Başlıktaki soruyu iki yazıdan oluşan mini bir dizide anlatmaya çalışacağım.Yazı dizisinin konusu Japonya’da gördüklerimden, duyduklarımdan, yaşadıklarımdan oluşuyor.Bu hatırlatmayı yaptıktan sonra şunu da hatırlatayım.Aşağı yukarı bir haftadır Japonya’dayız. Cumhurbaşkanı Erdoğan’ın G20 zirvesi kapsamında gerçekleştirdiği geziyi yakından takip ediyoruz.

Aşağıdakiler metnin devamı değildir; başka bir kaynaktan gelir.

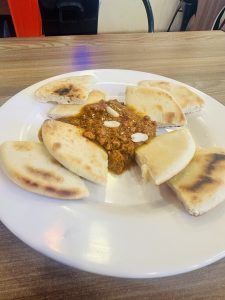 Plate of food including quartered pieces of sharing bread arranged around the edge of the plate, garnished with three nuts. Presented on a table.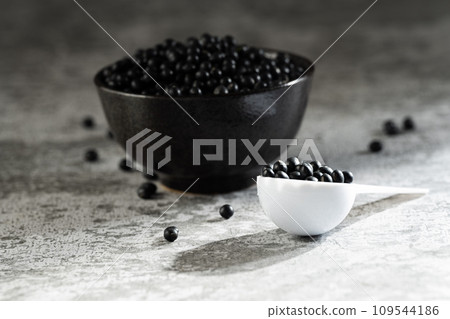 Black beans on gray background Black beans on gray background 109544186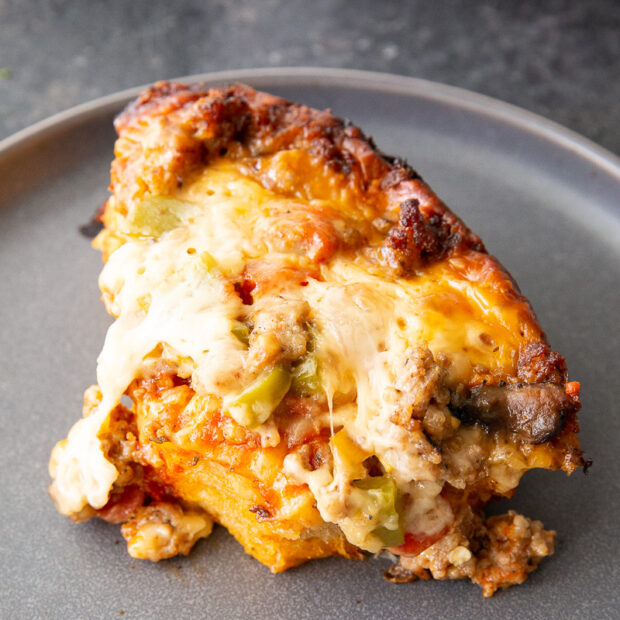 Pizza made in the slow cooker, a cross between pizza and casserole.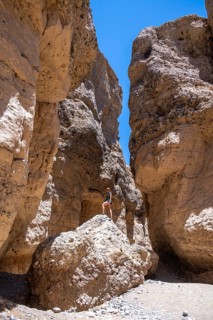 Tourist on a rock, Sesriem Canyon, Namib-Naukluft Park, Namibia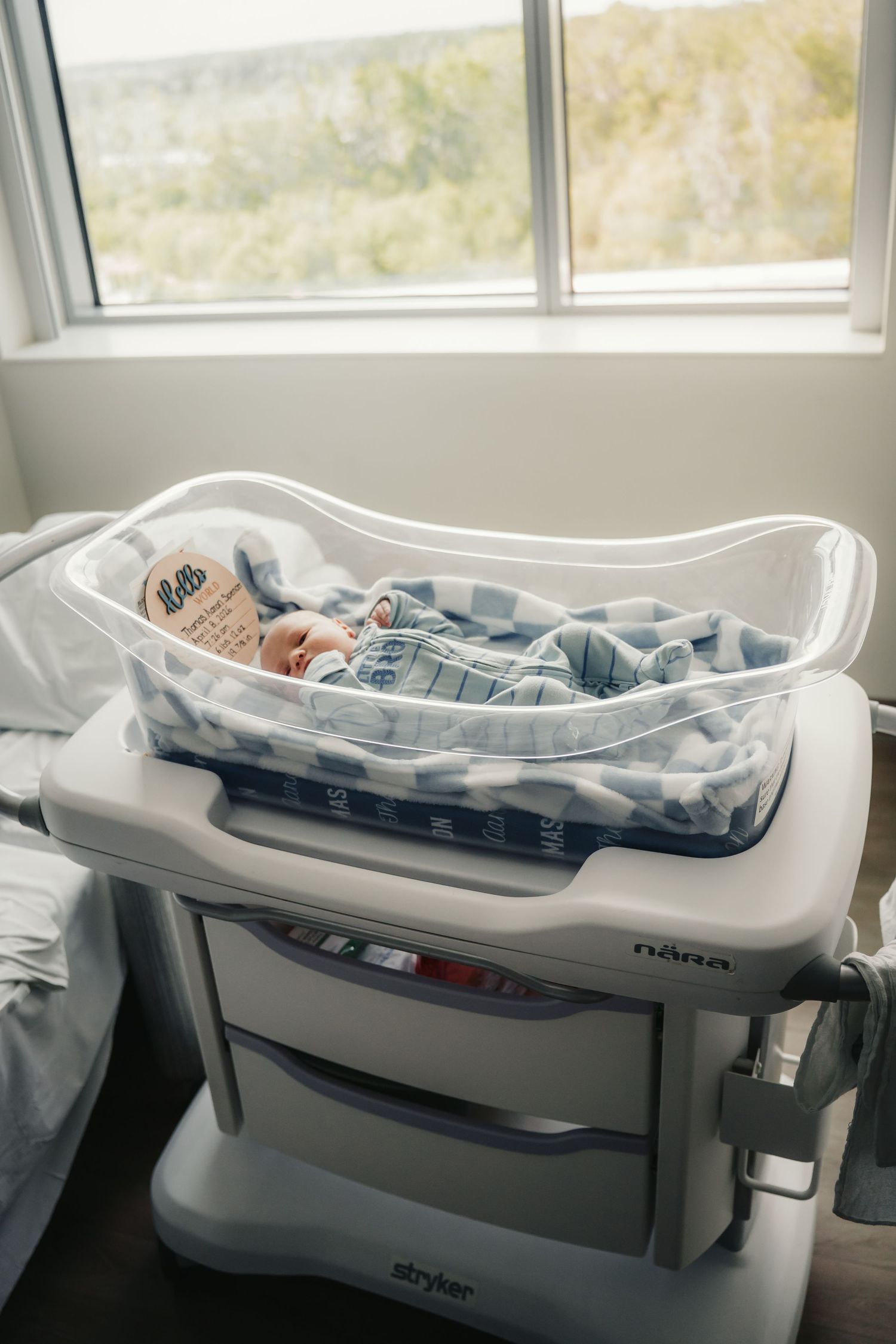 Newborn baby resting in a hospital bassinet on a Stryker cart near a window.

Rutini siz de gazetemizin sayfalarından takip ediyorsunuz. Osaka’daki G20 zirvesinin ardından Cumhurbaşkanı Erdoğan Kyoto’da Osmanlı Eserleri, Nagayeva’da Ara Güler sergilerini açtı. Buradan Tokyo’ya geçti. Başkent Tokyo’da Japon iş adamlarıyla bir araya geldi. Türkiye’ye yatırım çağrısı yaptı. Bütün bu gelişmelerin ayrıntısını haberlerden takip edebilirsiniz. Ben size Japonya’da gördüklerimden, duyduklarımdan yaşadıklarımdan bahsetmek istiyorum.
Ve gezimizin son gününde Tokyo Camii’nde duyduğum şu cümle üzerinden yazıya yön vermek niyetindeyim.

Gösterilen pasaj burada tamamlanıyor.